Comment by monocasa
One piece I would find interesting to see data on, but don't really know how to get meaningful information on against modern, non-academic cores is the fact that reorder buffers I've seen aren't just arrays of single instructions (and dependency metadata), but instead look more like rows of small traces of a few alu/ldst/etc instructions, and one control flow instruction per row. It kind of ends up looking a lot like a a modern CISC microcode word with a triad/quad/etc of operations and a sequencing op (but in this case the sequencing op is for the main store, not the microprogram store). That means in some cases, you have to fill the ROB entries with NOPs (that to be fair don't actually hit the backend) in order to account for a control flow op in an inopportune place.
The conventional wisdom is that conditional moves mainly uplift in order pipelines, but I feel like there could be a benefit to increased ROB residency on OoOE cores as well with the right architecture.
But like I said, I don't have a good way to prove that or not.

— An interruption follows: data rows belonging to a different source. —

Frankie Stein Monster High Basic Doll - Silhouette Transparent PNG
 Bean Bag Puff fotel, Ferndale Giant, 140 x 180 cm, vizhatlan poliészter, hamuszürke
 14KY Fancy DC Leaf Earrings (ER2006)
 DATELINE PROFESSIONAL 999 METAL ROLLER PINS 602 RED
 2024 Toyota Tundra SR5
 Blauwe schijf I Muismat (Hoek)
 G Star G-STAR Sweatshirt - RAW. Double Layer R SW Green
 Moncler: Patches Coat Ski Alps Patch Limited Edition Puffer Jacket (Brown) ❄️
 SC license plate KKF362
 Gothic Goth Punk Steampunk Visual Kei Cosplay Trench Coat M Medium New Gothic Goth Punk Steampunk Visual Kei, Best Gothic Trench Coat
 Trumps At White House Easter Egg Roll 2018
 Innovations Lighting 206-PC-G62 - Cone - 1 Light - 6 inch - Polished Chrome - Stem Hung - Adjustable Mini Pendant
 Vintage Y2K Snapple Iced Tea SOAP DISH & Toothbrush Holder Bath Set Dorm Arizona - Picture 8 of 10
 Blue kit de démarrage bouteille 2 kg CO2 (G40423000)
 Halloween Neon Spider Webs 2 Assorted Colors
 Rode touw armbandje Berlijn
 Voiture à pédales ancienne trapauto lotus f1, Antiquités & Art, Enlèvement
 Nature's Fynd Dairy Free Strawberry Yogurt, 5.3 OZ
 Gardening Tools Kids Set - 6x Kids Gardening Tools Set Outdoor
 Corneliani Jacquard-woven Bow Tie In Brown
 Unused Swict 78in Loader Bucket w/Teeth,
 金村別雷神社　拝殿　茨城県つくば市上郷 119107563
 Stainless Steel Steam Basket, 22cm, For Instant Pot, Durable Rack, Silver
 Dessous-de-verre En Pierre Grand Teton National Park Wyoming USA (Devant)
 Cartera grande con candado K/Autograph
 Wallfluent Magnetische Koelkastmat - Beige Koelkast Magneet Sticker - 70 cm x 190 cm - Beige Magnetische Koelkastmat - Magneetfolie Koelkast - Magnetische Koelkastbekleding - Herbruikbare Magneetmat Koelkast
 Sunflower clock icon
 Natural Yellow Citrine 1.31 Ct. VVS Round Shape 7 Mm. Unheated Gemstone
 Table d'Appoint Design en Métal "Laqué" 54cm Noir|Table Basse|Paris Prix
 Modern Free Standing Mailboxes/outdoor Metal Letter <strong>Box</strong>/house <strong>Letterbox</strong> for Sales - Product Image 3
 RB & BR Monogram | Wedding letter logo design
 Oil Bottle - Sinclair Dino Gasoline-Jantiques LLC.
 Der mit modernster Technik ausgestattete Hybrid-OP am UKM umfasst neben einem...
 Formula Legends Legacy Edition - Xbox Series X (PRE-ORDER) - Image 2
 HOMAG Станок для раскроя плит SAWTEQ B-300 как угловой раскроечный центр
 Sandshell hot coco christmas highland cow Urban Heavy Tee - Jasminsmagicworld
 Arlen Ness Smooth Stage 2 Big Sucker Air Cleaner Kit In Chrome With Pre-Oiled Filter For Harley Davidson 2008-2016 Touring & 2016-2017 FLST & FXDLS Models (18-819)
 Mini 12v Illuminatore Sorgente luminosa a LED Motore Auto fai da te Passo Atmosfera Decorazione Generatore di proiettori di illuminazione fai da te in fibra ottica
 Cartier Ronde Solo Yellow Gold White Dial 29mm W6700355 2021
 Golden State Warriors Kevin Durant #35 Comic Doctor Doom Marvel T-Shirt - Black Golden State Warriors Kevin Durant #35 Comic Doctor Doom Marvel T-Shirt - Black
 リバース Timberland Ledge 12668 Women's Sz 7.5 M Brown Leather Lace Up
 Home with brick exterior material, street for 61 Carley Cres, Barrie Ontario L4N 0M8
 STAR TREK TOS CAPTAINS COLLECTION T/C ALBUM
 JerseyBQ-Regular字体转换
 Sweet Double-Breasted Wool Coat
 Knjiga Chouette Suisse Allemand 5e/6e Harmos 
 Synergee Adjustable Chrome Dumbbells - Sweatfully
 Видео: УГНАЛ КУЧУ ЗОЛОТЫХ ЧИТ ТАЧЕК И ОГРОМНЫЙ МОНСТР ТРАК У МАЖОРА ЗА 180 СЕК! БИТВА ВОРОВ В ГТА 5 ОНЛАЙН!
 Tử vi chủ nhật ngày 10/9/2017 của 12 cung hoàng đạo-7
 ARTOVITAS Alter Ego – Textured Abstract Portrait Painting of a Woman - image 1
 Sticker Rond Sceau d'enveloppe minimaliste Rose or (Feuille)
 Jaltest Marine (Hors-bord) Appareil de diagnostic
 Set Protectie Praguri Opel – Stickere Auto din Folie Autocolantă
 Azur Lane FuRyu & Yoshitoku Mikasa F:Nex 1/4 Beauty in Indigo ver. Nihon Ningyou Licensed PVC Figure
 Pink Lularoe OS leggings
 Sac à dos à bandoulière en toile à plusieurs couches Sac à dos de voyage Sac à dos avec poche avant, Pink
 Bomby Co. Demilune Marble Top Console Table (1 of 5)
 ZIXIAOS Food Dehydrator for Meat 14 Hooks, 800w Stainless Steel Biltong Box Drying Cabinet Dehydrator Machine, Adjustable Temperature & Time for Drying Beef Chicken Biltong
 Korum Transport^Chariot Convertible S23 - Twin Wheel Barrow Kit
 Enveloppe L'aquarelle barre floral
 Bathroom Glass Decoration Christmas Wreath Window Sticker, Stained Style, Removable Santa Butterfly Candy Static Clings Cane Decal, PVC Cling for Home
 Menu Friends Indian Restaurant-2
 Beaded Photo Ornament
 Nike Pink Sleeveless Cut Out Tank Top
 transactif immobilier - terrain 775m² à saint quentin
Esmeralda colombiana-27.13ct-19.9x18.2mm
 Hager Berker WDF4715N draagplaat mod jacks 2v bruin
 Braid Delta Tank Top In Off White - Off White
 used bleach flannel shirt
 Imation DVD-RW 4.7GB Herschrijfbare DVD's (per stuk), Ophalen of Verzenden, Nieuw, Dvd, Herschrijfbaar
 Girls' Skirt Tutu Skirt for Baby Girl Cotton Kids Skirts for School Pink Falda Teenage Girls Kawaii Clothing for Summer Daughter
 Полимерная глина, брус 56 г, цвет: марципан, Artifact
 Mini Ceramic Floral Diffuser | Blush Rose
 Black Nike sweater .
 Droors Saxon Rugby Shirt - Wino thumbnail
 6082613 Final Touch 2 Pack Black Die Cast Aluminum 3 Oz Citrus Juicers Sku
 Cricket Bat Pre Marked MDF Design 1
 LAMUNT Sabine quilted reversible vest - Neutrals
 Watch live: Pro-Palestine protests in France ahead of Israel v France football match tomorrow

The main argument against using CMOV on OoO cores is that it creates data dependencies. The backend can't start executing downstream dependant μops until after the cmov executes.
At a first glance, it might seem insane to replace a simple data dependancy with a control-flow dependency, control-flow dependencies are way more expensive as they might lead to a miss-predict and pipeline flush.
But to understand modern Massively-Out-of-Order cores, you really need to get in the mindset of "The branch predictor stupidly accurate", and actually optimise for the cases when it was right.
If the data is anything other than completely random, the branch predictor will guess correctly (at least some of the time) and the dependency is now invisible to the backend. The dependency chain is broken and the execution units can execute both segments in parallel.
--------
So while more CMOVs might help with ROB residency, I'm really not sure that would translate to overall improved performance.
But this does make me wonder if it might be worth while designing an μarch that could dynamically swap between executing a CMOV style instruction as a branch or conditional move? If the CMOV is predictable, insert a fake branch into the branch predictor and handle it that way from now on.